The Fantasie in F minor, D940, which opens «Resonance de l’Originaire», was composed in 1828, the last year of Schubert’s life, and is written for four hands (two pianists at one piano). It has a four-part structure, not unlike a sonata, but the “movements” run into one another with stylistic bridges between each. Schubert had already explored the Fantasy form in his Wanderer Fantasie D760, a bravura work full of heroism and energy. By contrast, the opening motif of the D940 is elegaic and wistful, a distant horn call accompanied by murmurings in the lower register. In the hands of the pianists on this recording, the mood is melancholy, almost desperately tragic, yet tinged with great tenderness. Typically of Schubert, the mood soon takes a volte face with a new, more hopeful motif in the lower register, and throughout the work there are contrasting shifts of mood from poignant and heart-rending to dramatic, longing, intimate, charming and dance-like, and characteristic shifts between minor and major. The textures, shared between the two pianists, give the work an inner richness, and the reprise of the first theme is a touching reminder of the work’s underlying sadness.

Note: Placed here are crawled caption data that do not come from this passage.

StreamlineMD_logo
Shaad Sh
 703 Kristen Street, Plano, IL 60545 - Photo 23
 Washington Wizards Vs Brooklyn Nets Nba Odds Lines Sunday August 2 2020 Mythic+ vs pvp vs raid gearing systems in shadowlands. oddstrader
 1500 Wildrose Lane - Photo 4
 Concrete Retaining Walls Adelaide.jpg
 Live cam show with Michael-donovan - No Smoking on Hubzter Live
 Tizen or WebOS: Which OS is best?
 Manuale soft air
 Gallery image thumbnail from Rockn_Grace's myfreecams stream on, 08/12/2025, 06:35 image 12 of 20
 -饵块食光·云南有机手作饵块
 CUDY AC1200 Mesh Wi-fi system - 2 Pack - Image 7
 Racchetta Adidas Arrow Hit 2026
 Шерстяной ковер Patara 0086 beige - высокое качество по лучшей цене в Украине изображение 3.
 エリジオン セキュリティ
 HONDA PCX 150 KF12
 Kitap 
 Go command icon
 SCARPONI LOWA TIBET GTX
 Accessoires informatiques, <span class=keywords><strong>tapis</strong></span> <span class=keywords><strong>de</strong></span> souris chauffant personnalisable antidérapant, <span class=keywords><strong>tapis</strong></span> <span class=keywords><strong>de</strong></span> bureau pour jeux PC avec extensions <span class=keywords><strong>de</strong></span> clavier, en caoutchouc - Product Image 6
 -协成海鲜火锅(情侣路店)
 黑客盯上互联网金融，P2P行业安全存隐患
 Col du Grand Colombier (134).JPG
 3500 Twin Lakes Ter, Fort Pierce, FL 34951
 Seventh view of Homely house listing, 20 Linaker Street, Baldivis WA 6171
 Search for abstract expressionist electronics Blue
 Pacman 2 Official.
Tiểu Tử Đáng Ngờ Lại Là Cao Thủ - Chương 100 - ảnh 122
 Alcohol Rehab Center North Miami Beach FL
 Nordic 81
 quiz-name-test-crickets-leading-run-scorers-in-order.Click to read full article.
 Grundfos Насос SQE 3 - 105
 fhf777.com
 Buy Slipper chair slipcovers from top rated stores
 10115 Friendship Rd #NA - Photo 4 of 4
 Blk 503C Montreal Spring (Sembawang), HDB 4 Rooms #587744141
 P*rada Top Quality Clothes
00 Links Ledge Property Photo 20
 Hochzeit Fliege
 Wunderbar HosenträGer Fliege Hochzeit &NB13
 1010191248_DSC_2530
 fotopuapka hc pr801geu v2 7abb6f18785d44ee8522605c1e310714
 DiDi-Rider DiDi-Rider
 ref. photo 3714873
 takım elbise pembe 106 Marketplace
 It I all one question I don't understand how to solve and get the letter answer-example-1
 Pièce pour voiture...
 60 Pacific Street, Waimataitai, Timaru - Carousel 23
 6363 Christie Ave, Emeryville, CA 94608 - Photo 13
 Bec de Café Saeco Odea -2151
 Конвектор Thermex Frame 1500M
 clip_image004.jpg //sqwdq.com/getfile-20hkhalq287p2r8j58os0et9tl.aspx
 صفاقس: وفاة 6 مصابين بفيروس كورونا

This piece has, on occasion, reduced me to tears, not least for its connection to my emotional crisis mentioned above. When I was fortunate enough to hear it performed live by the artists on this disc, during Maria Joao Pires’ memorable Wigmore Hall residency in 2007, I think I wept throughout the entire performance, moved not only by the music itself, but also the fact that I was in the presence of an artist whom I greatly admired and respected (and continue to).

The other work for four hands on this double cd recording is the Rondo in D951, which provides a delightful salve after the emotional impact of the D940. Maria Joao Pires also plays one of the earlier sonatas, the genial D664 in A, while Ricardo Castro opens the second disc with the D784 in A minor, which shares some of the same emotional territory as the D940 in its sombre opening statement and dramatic Beethovenian gestures throughout the first movement. The final work on the disc is the Allegro in A minor, D947 “Lebensstürme”, also for four hands.

Musically and emotionally Pires and Castro seemed conjoined in the works for four hands on this album, while Pires’ solo performance in the Sonata in A is tender and delicately shaded. (This was more than borne out in their live performances at the Wigmore in 2007.) I haven’t listened to this recording for a long time: for a while, I found it just too painful, but when I decided to launch my new series ‘Music Notes’, it was the one thing I knew I wanted to write about. Listening now, with the benefit of 8 years of hindsight, life experience, this blog, two music Diplomas under my belt, a thriving and popular piano teaching practice, my concert and exhibition reviewing, and many other exciting and stimulating musical and writing activities, I have enjoyed the album for what it is: a sensitive and passionate reading of some of Schubert’s finest music for piano.

Maria Joao Pires returns to the Wigmore Hall later this year for a series of ‘Artist Portrait’ concerts to mark her 70th birthday.